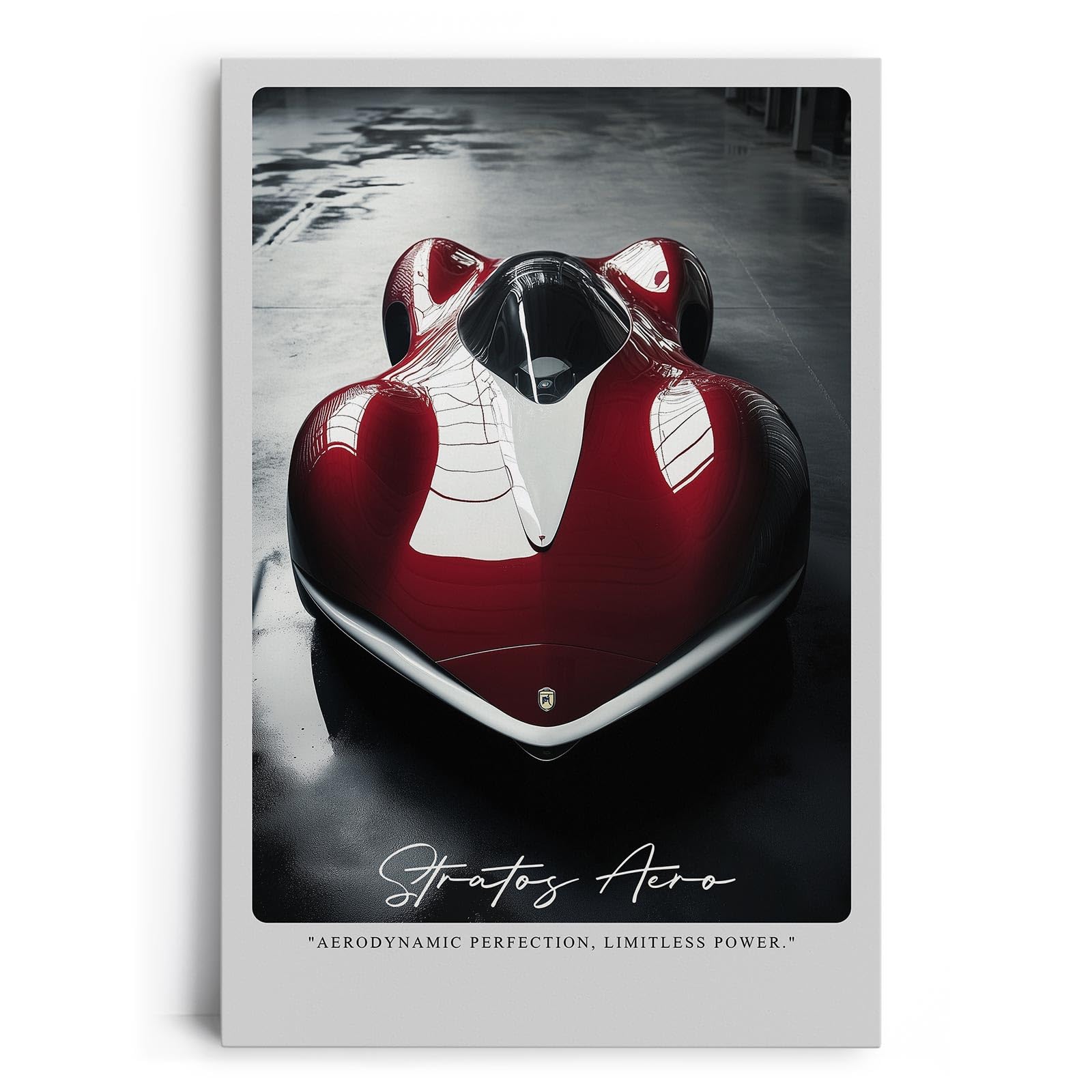 Paul Sinus Leinwandbild 60x90cm Stratos Aero Leinwandbild sportlicher, aerodynamischer Fahrzeugentwurf mit perfektem Design und grenzenloser Power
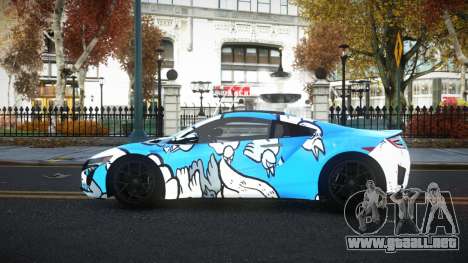 Acura NSX Lamiclos S10 para GTA 4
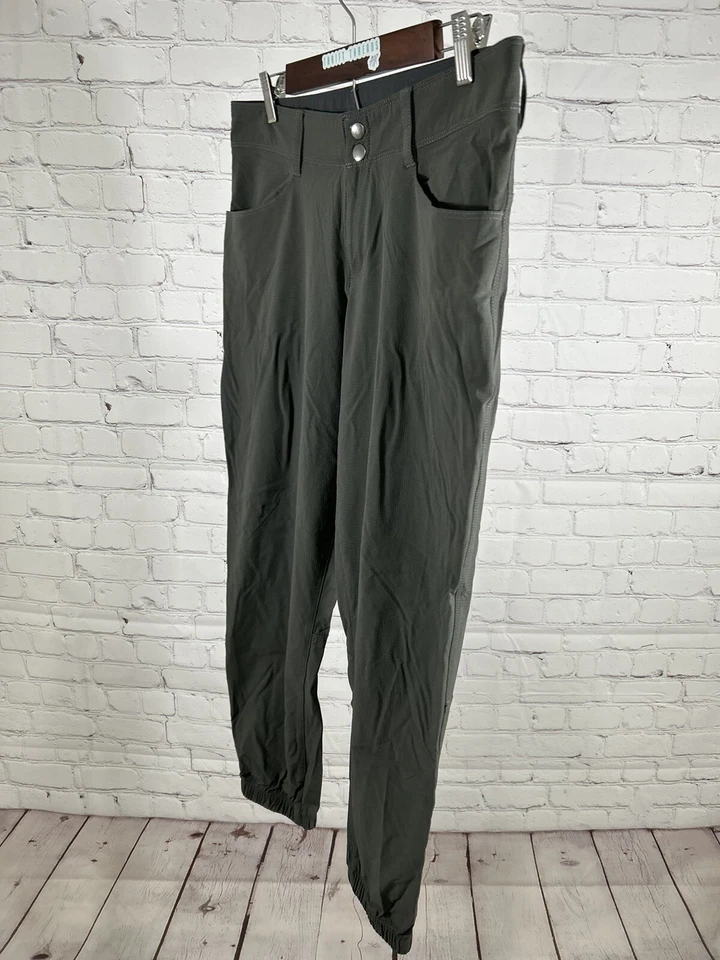 Pantalones de chándal modernos de tiro medio elásticos grises de diseño alpino para mujer talla 10 (33x28) Foto 3 de 4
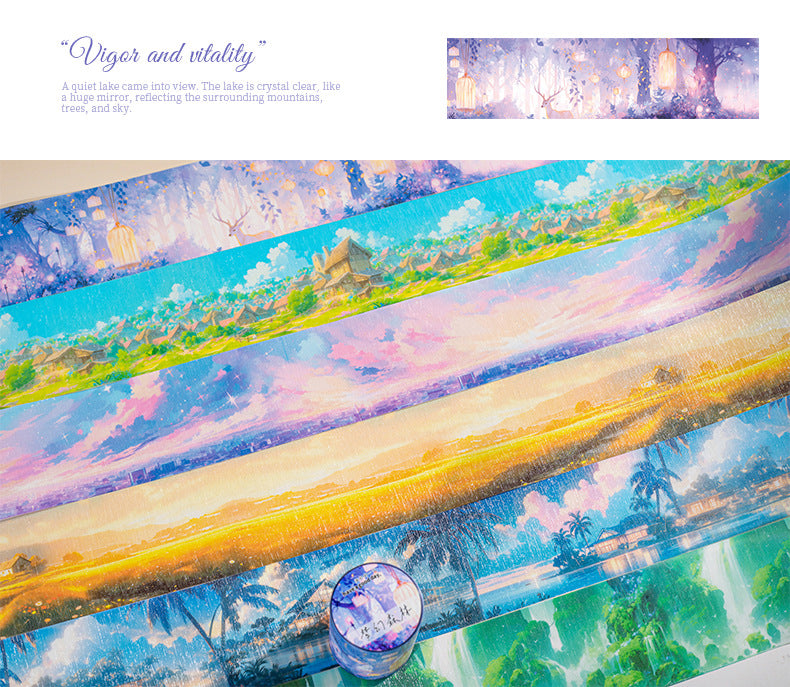 MHD-TYMJ006-|Rc| Scenery Theme Translucent PET Sticker Roll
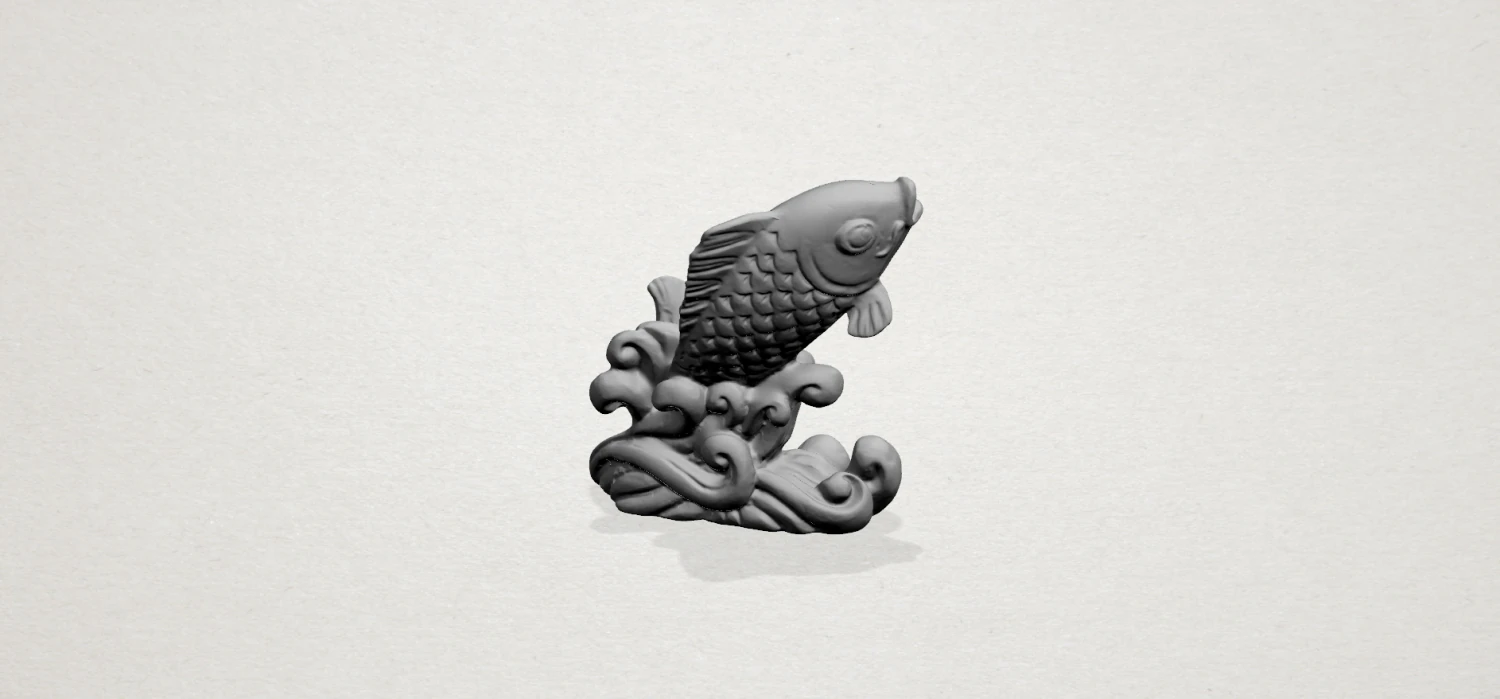 standing fish standing fish 3D Print Model .c4d .max .obj .3ds .fbx .stl .blend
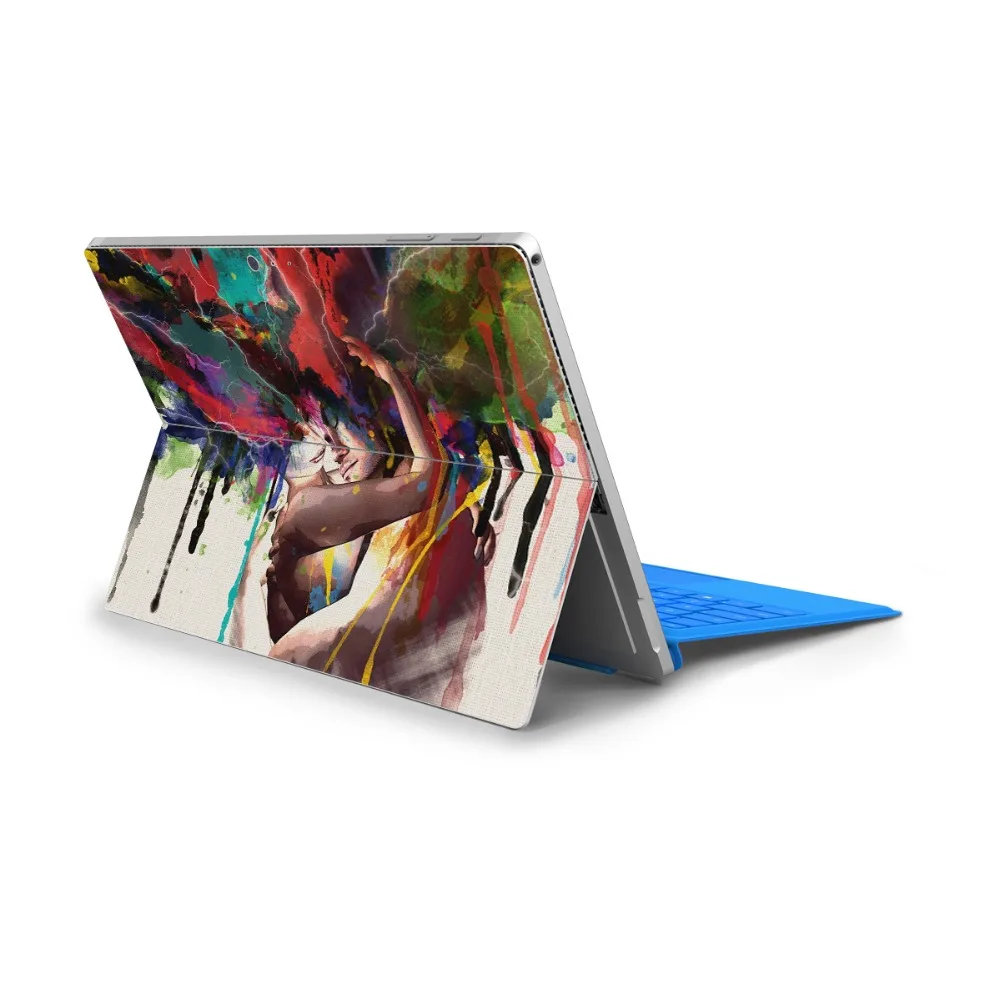 Виниловая наклейка на кожу ноутбука s для microsoft Surface Pro 4 Pro 5 Pro 6 Cool women шаблон полное заднее покрытие блокнот наклейка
● ● ●
§ **WHAT TO WORK ON**
Should a picture appear among the entries above, omit it and repeat everything else exactly.

§ **ANSWER TO THIS EXERCISE**
 Paul Sinus Leinwandbild 60x90cm Stratos Aero Leinwandbild sportlicher, aerodynamischer Fahrzeugentwurf mit perfektem Design und grenzenloser Power
 Acura NSX Lamiclos S10 para GTA 4
 Pantalones de chándal modernos de tiro medio elásticos grises de diseño alpino para mujer talla 10 (33x28) Foto 3 de 4
 MHD-TYMJ006-|Rc| Scenery Theme Translucent PET Sticker Roll
 standing fish standing fish 3D Print Model .c4d .max .obj .3ds .fbx .stl .blend
 Виниловая наклейка на кожу ноутбука s для microsoft Surface Pro 4 Pro 5 Pro 6 Cool women шаблон полное заднее покрытие блокнот наклейка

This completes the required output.